Stir-Fried Cabbage

Stir-fried cabbage has so much more taste, texture, and nutrients if prepared this way. Eating cabbage raw, lightly steamed or stir-fried helps maintain the nutrients. Many nutrients are lost when we continue to use  the boil-until-dead method of old. You will never look back! Serve with corn bread or corn on the cob.

Stir-Fried Cabbage Recipe


1 medium head of organic cabbage, shredded

3 to 4 scallions or green onions with stems, chopped

-cup carrots, shredded

2 tbsp. peanut oil or canola

1 tbsp. garlic, crushed

⅛-tsp. fresh ginger, grated

2 tbsp. tamari

2 tbsp. green pepper (optional)

Dash of sweetener


Add a dash of red pepper flakes for a spicy version.

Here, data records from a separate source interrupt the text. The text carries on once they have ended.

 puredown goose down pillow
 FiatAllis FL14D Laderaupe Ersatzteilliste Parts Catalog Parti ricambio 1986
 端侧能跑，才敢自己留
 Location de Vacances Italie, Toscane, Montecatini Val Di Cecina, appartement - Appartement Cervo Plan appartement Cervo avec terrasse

Red pepper flakes mixed with ginger can increase the spiciness.


In a wok or frying pan, heat oil. Add garlic and ginger. Cook until slightly brown.

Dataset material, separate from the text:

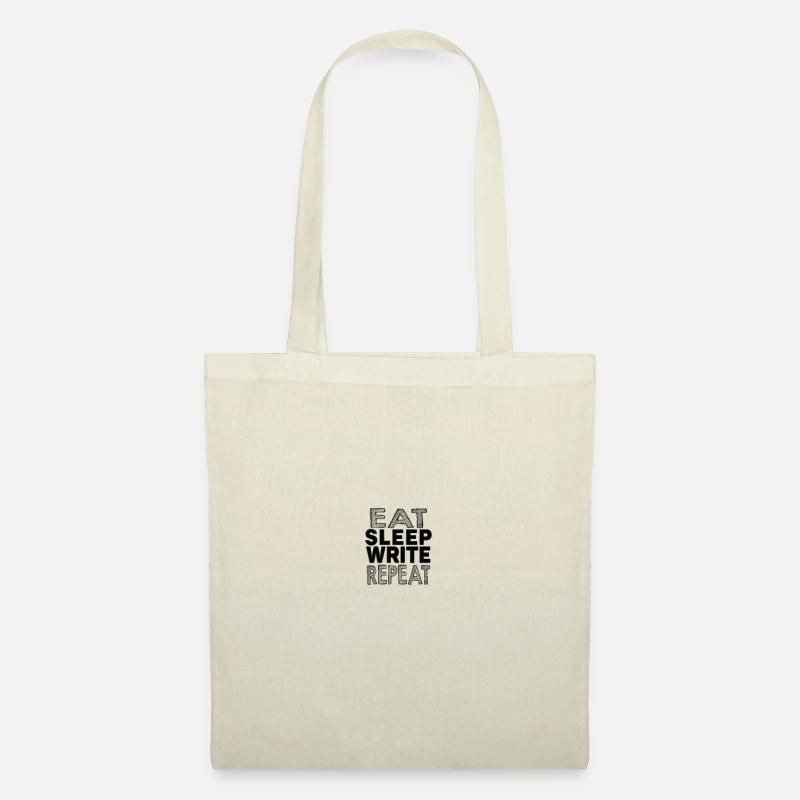 eat sleep write repeat - Sac en tissu - nature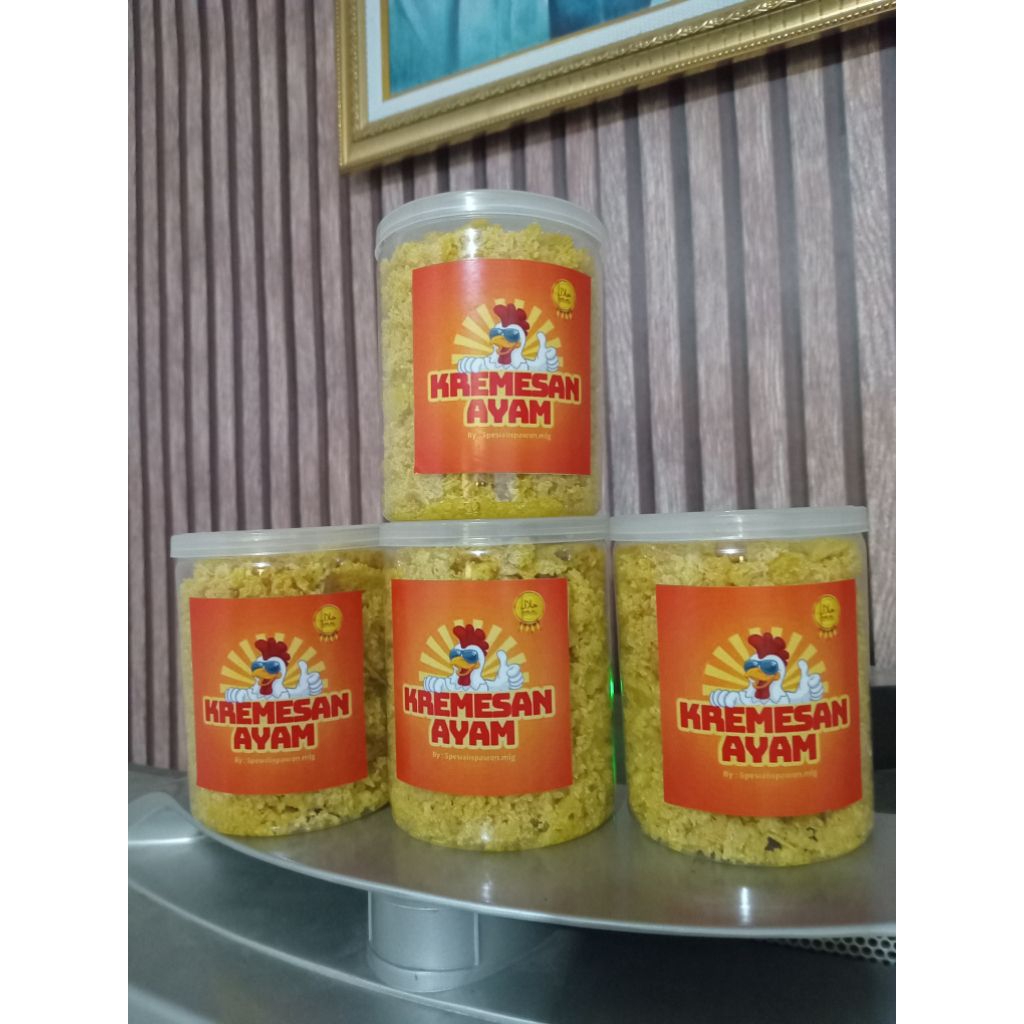 

kremesan ayam topping makan topping nasi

Add scallions and green pepper. Cook for 1 minute. Add carrots. Mix well.

Add cabbage and toss with the other ingredients. Sprinkle with sugar.

Pour tamari over the cabbage and toss. Cover for about 2 minutes. Uncover and continue to toss until cabbage is slightly soft and less green. Add more tamari to taste. Serves 4.


-Good for anemia, respiratory diseases, and acne

-Good for digestion

-Dark leaves are rich in iron & vitamin C


  • Use cabbage, in moderation, if you have an under active thyroid.
  • Cabbage is a member one of the cruciferous vegetables  and contains vitamins, minerals, other nutrients, and chemicals known as glucosinolates. Other cruciferous vegetables include, broccoli, kale, collard greens, cauliflower, radishes, turnips and wasabi.
  • Use cabbage, in moderation, if you have an under active thyroid.
  • Extra ground cabbage is always good to have in the refrigerator. Use to add to soups, stews, stir-fries and sauces.